Ok, this is overly confusing ... really, if you want to implement a
"Concurrency TS compatible" future, please do so in its full extent,
everything else is just confusing. Especially the non-explicit single
argument constructors, please get rid of them.

>
>> - For example (there are many more):
>>
>> https://boostgsoc13.github.io/boost.afio/doc/html/afio/reference/functions/file/file_1_batch.html
>> documents dispatcher::file taking a vector of path_req, in the
>> example, the vector is constructed, but only the front is passed to the
>> function. This seems very odd.
>
> The batch API is exampled further below under the section commented
> "Batch". I think you were looking at the top part.
>
> I'm getting from this that a unified code example for both batch and
> single shot functions on both batch and single shot pages is
> confusing. Logged at
> https://github.com/BoostGSoC13/boost.afio/issues/92.

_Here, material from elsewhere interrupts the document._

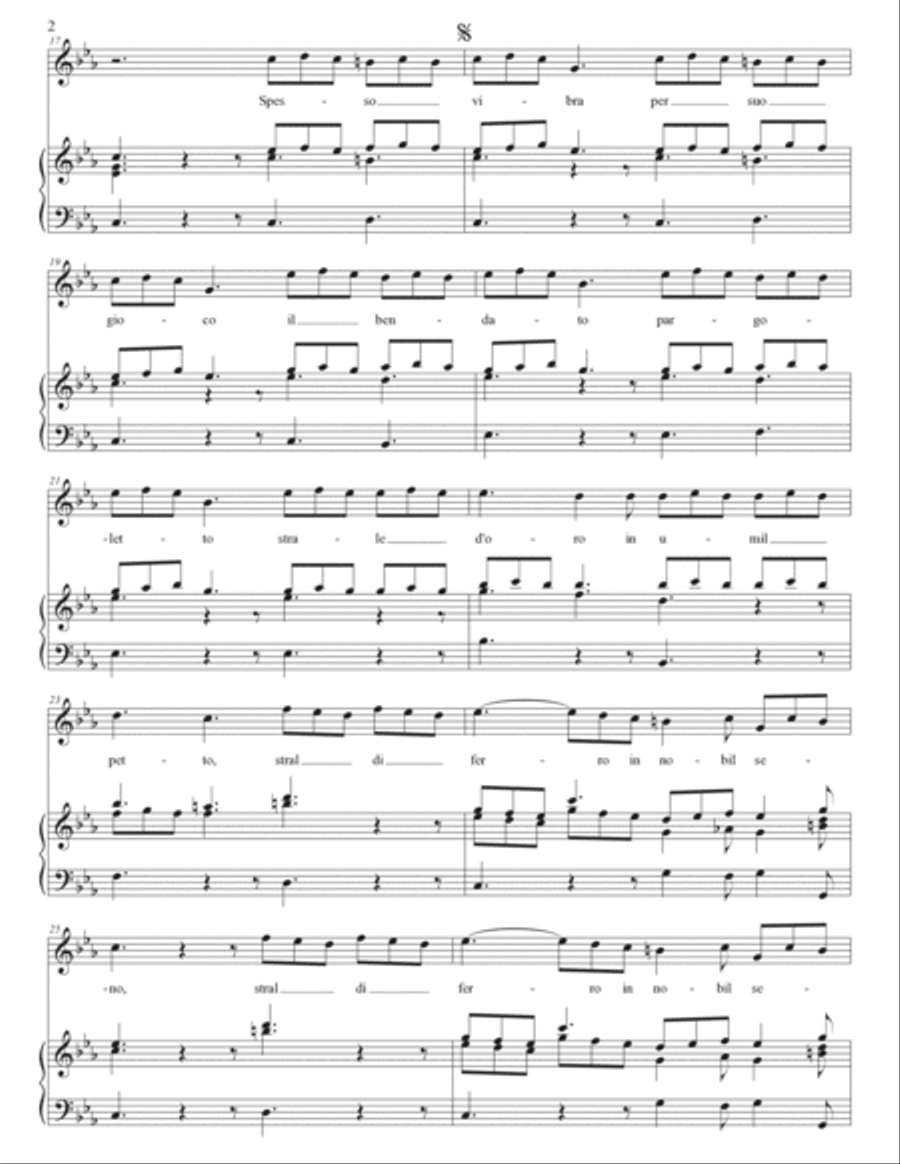 SCARLATTI: Spesso vibra per suo gioco (transposed to C minor) Voice scores gallery preview page 3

The biggest problem is that the unified example 1) contains too much
other, unrelated information and 2) doesn't show the usage of the
function on that page. The batch function is not in the example.
Furthermore, why the heck do you create a vector to just get its first
element? This is kind of inefficient and confusing, this appears all
over the place (not only in the documentation but also in the
implementation).

>
>> Other documentation flaws:
>> -
>> https://boostgsoc13.github.io/boost.afio/doc/html/afio/reference/functions/process_threadpool.html
>> https://boostgsoc13.github.io/boost.afio/doc/html/afio/reference/macros_flags/boost_afio_validate_inputs.html
>> looks odd, there are no parameters or anything there, so why does this
>> page contain a section for it?
>
> Sadly out of my control. It's a bug in the doxygen_xml2qbk tool.
>
>> https://boostgsoc13.github.io/boost.afio/doc/html/afio/reference/macros_flags/file_flags.html
>> the synopsis is very hard to read.
>
> Can you explain how it is hard to read? It tells you what each flag
> does. How could it be improved?

It can be improved by having one enumeration value per line.

>
>> (same goes for:
>> https://boostgsoc13.github.io/boost.afio/doc/html/afio/reference/macros_flags/fs_metadata_flags.html
>> and
>> https://boostgsoc13.github.io/boost.afio/doc/html/afio/reference/macros_flags/metadata_flags.html)
>> - Why document undocumented features?
>
> Unfortunately doxygen_xml2qbk seems to insist on outputting
> documentation for undocumented members, or maybe I don't understand
> the tool or maybe I've misconfigured it. So I can have a blank
> documentation entry like for afio::file_flags::os_lockable which
> seems inferior to saying "Don't use this".
>
>> https://boostgsoc13.github.io/boost.afio/doc/html/afio/quickstart/mini_programs/atomic_logging.html
>> - Can you please strip example code from commented sections of code
>> that obviously don't add anything to the example (or "#if 0"ed sections
>> or "legacy" behavior)?
>
> Logged to https://github.com/BoostGSoC13/boost.afio/issues/93.
>
>> - It would have been nice to see all examples (at least in a non
>> advanced section) to not rely on platform dependent macro definitions.
>
> If you are referring to
> https://boostgsoc13.github.io/boost.afio/doc/html/afio/quickstart/mini
> _programs/filesystem_races.html, one is trapped by substantial
> differences in Windows filesystem semantics. I still think it more
> important to real life end users of AFIO to demonstrate and show
> those platform specific differences than pretend they don't exist.
>
>> In addition, I personally dislike the "Try AFIO now in online web
>> compiler" button. Why does it have to appear on *every* single page
>> (there is also a bug that it doesn't appear in some of the reference doc
>> sections)? Besides, it doesn't really match the style of the rest of the
>> documentation. Which brings me to the "Comments" part, doesn't match the
>> style either, which makes it look totally out of place especially since
>> it comes from some third party provider, and I am not sure I can trust
>> that. It looks especially odd when javascript is disabled. Isn't
>> discussing a library and its documentation on a mailing list not enough?
>
> Regarding the online web compiler button, I can remove it from every
> page, and place it just on one or two pages?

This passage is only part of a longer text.